What the task asks: Pictures aside, copy exactly each line from the one that holds "2 BR layout at Aura Prestige" through the last line of the records below.

[Input — start]

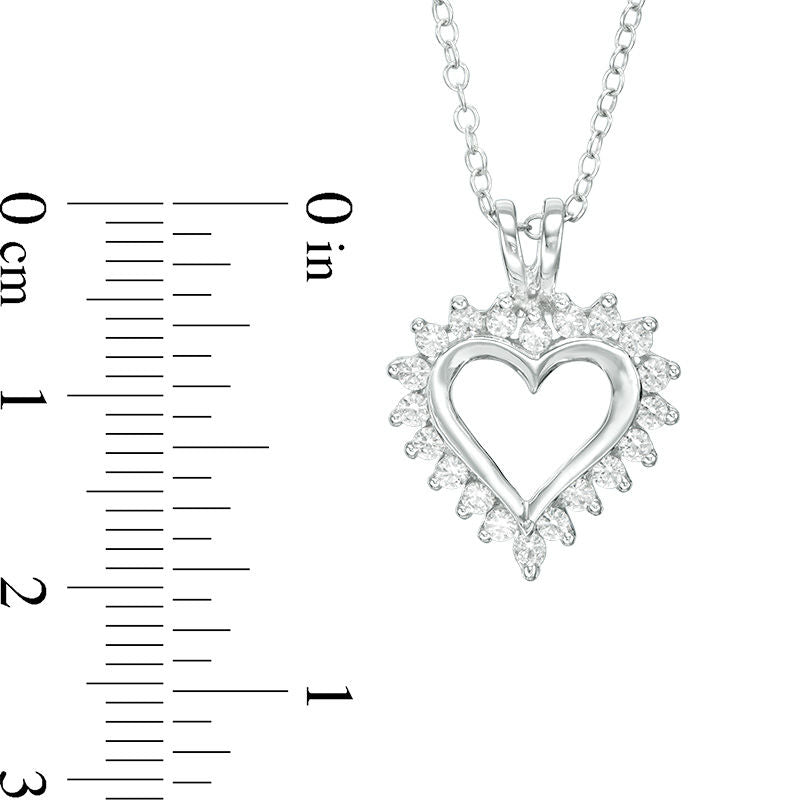 0.25 CT. T.W. Natural Diamond Heart Pendant in 14K White Gold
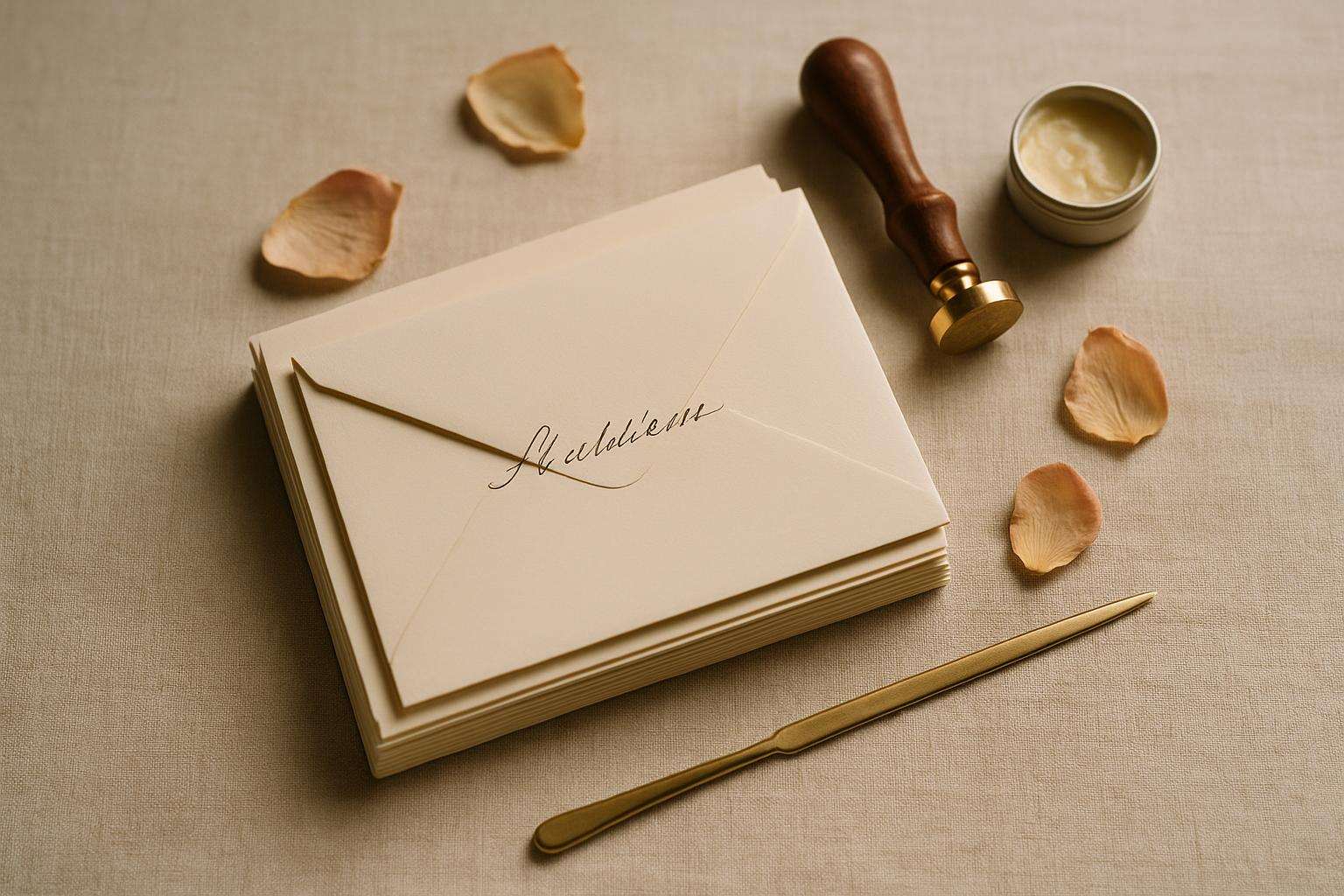 A stack of cream-colored RSVP response cards beside a wax seal stamp and scattered dried rose petals on a linen surface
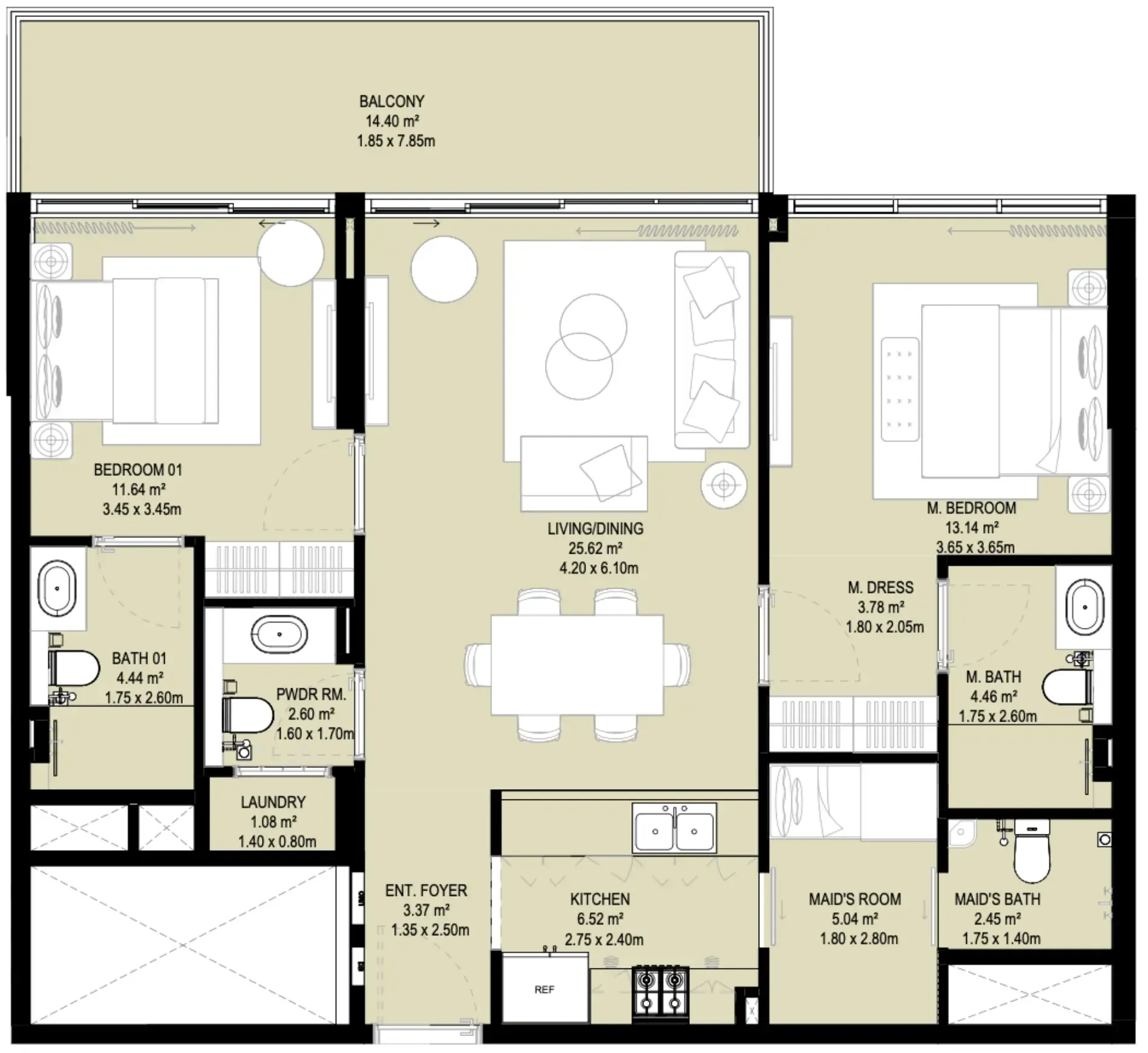 2 BR layout at Aura Prestige
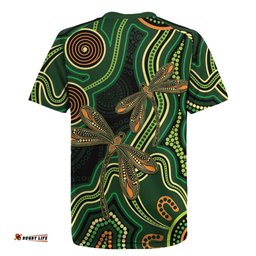 Green Indigenous Dragonfly Australia Rugby Jersey Aboriginal Art LT14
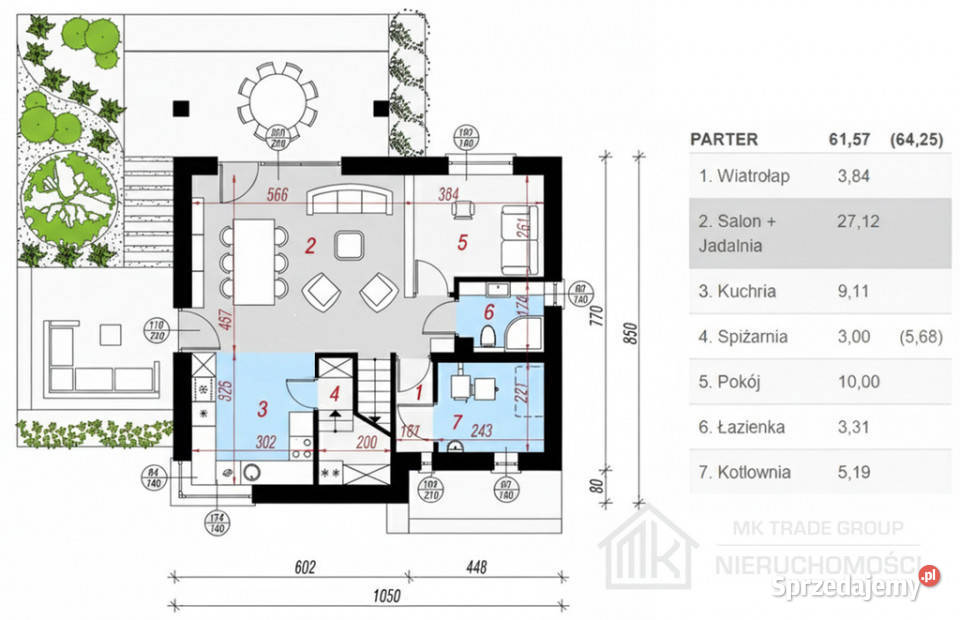Nowy dom wolnostojący Kłaj pow 130m2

[Input — finish]

Final answer:
 2 BR layout at Aura Prestige
 Green Indigenous Dragonfly Australia Rugby Jersey Aboriginal Art LT14
Nowy dom wolnostojący Kłaj pow 130m2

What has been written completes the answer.